IFSC units deriving income solely from eligible business enjoy 100% tax exemption for any 10 consecutive years out of 15 from commencement. 

  • Reduced MAT/AMT – Sections 115JB & 115JC 

MAT: 9% (instead of 15%) for IFSC units earning in foreign exchange. 

AMT: Not applicable to non-corporate assessees in IFSC. 

  • Exemption on Dividends & Income – Section 10(4D) 

Income from transfer of capital assets, interest, dividend, or securities by IFSC-specified funds is fully exempt. 

  • No Capital Gains Tax for Non-Residents – Section 10(4E) 

Applicable on offshore derivatives, NDFs, OTC derivatives if transacted in IFSC in foreign currency. 

  • No Tax on Aircraft/Ship Leasing Income – Section 10(4F) 

Exempts income of non-resident lessors leasing to IFSC units, if in foreign currency. 

  • Exemption for Investment Funds – Section 10(23FB) 

Income of AIFs (Category I/II) located in IFSC is exempt if all unit holders are non-residents. 

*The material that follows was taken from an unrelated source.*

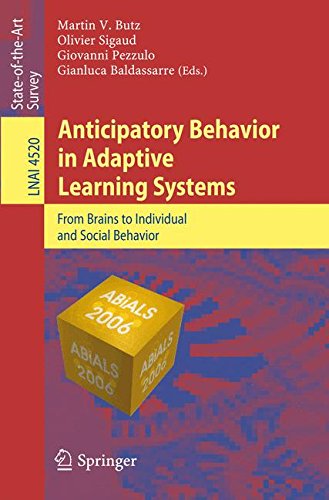 Anticipatory Behavior in Adaptive Learning Systems: From Brains to Individual and Social Behavior (Lecture Notes in Computer Science / Lecture Notes in Artificial Intelligence)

  • Special Regime for Foreign Investors – Section 115AD 
    • Interest from bonds listed on IFSC exchange taxed at 5%. 
    • No capital gains tax on certain transactions for FIIs/FPIs. 

2. Indirect Tax & Duty Benefits 

  • GST Benefits 

Zero GST on exports: Services from IFSC to foreign clients are treated as exports; ITC refundable. 

No GST on intra-IFSC supplies: Services between IFSC units or to SEZ units are zero-rated. 

No IGST on imports: Exempt under SEZ notifications for capital goods, inputs, and input services. 

  • Customs Duty Exemptions 

No Basic Customs Duty (BCD) on imports for authorized operations with proper documentation. 

No Export Duty on goods/services exported from IFSC. 

  • Stamp Duty Exemptions 

100% exemption on instruments executed by or in favor of IFSC units: loan agreements, lease deeds, share transfers, service agreements, as per Gujarat Stamps Act amendments for GIFT City. 

Current Statistics  

Statistics for Fund Management –  

  • 116 Fund Management Entities (FMEs) registered 
  • 143 Funds launched 
  • Total commitments raised: USD 11.69 billion 
  • Investments made: USD 4.5 billion across Indian and foreign jurisdictions 
  • Category I & II AIFs: USD 7.73 billion in commitments 
  • Category III AIFs: USD 3.77 billion in commitments 

These figures show steady quarterly growth, with both venture capital and global fund strategies gaining traction within the IFSC ecosystem. 

In Summary 

Setting up a fund in GIFT City enables global investors and fund managers to participate in India’s growth using world-class regulation, low taxation, and a future-ready innovation platform. Whether structured as a traditional AIF or a tokenised asset fund, GIFT City provides the infrastructure, credibility, and opportunity to redefine financial wealth creation.